Brazil Growth Slowed Amid Political Upheaval

Brazil's economy slowed in the third quarter amid heightened political turmoil, though increases in private consumption and investment suggested that a recovery from the country's longest recession on record is strengthening.

Gross domestic product expanded 0.1% in the July-September period from the previous three months in seasonally adjusted terms, the Brazilian Institute of Geography and Statistics, or IBGE, said Friday. That was a far cry from the 1.3% and 0.7% growth registered in the first and second quarters, respectively, and fell short of the 0.2% median estimate in a survey of analysts by the local Agência Estado newswire.

The period in question was marked by a resurgence in political uncertainty as President Michel Temer battled a series of corruption-related charges that have damaged his popularity and undermined his ability to pass needed overhauls.

Despite the turmoil, most of the economy was resilient. Noting that data from the first and second quarters were revised higher, London-based Capital Economics said in a note that the headline GDP figure "is not as bad as it looks."

Gross fixed-capital formation -- a key measure of investment -- expanded 1.6% in the third quarter from the second after 15 consecutive quarters of decline. Private consumption grew 1.2% for a second straight quarter. On the supply side of the economy, industrial output and services expanded by 0.8% and 0.6% from the second quarter, offsetting a 3% decline in the volatile agriculture sector.

"The underlying growth dynamics of the economy improved and broadened" in the third quarter, Goldman Sachs economist Alberto Ramos said in a note, raising his forecast for 2017 GDP growth to 1.1% from 0.9%. "The last three years were extraordinarily challenging, but the recession now seems to have moved into the rear-view mirror."

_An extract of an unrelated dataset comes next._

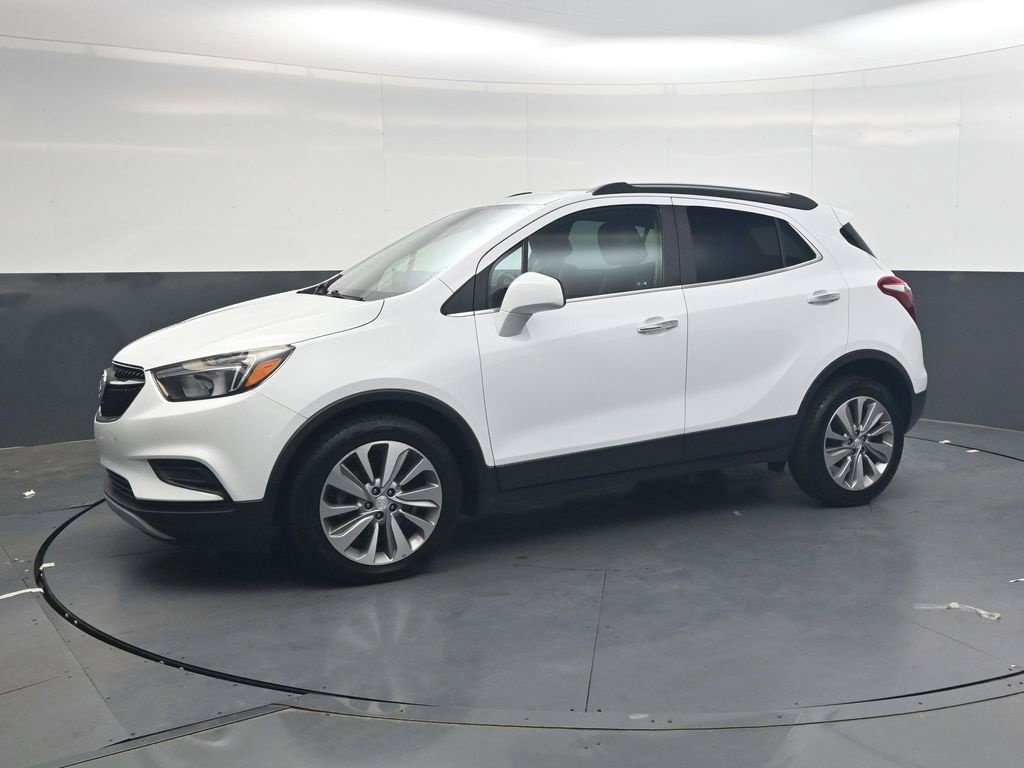 Used 2020 Buick Encore Preferred FWD image 11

The question now is how long it will take for Brazil to dig out of a downturn that knocked a cumulative 7% off GDP in 2015 and 2016.

According to a weekly survey by the central bank, private economists expect GDP to increase 0.7% in 2017 and 2.6% next year.

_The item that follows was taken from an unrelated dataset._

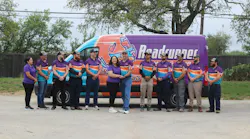 The Roadrunner Plumbing & Air team. The Roadrunner Plumbing & Air team.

But with a fiscal deficit of 9.25% of GDP, the government has little capacity to stimulate faster growth, let alone counter any unforeseen shocks the economy may face in the future.

At the same time, analysts say Mr. Temer's marquee overhaul, tackling Brazil's unsustainable social-security system, is unlikely to pass Congress before next year's general election.

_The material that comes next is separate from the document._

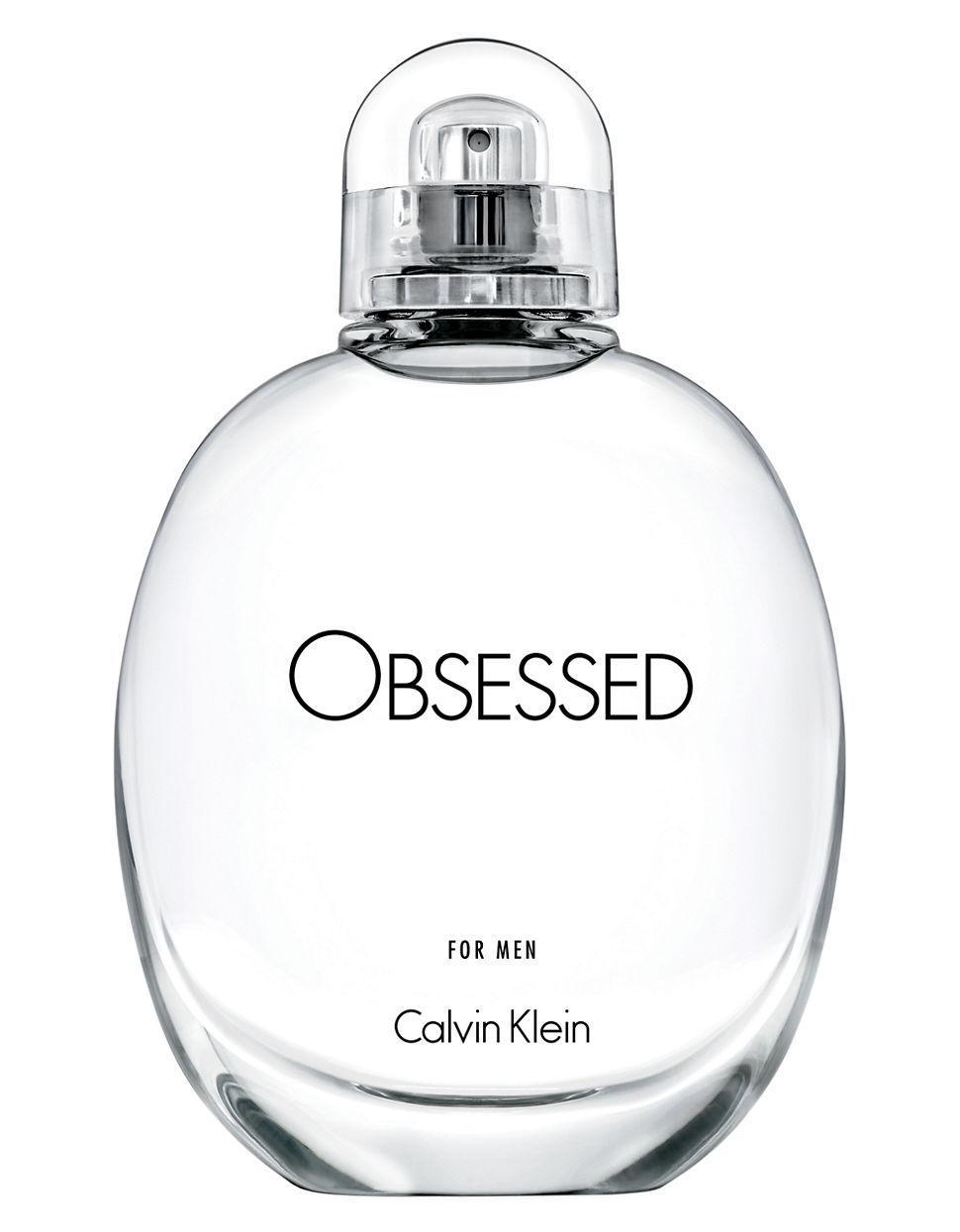 Calvin Klein Obsessed For Men Edt 30ml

That means Brazil's hopes of narrowing the government's deficit and restoring investor confidence may hinge on a market-friendly presidential candidate who has yet to emerge from the pack of mostly unpopular career politicians currently positioning themselves to run.

"The risk we face is not continuing to advance" with further overhauls, said Flávio Serrano, senior economist at Haitong investment bank in São Paulo. "Consumption is growing, investment is growing, so that's a sign that we may keep growing. But whether that actually happens will depend on further reforms."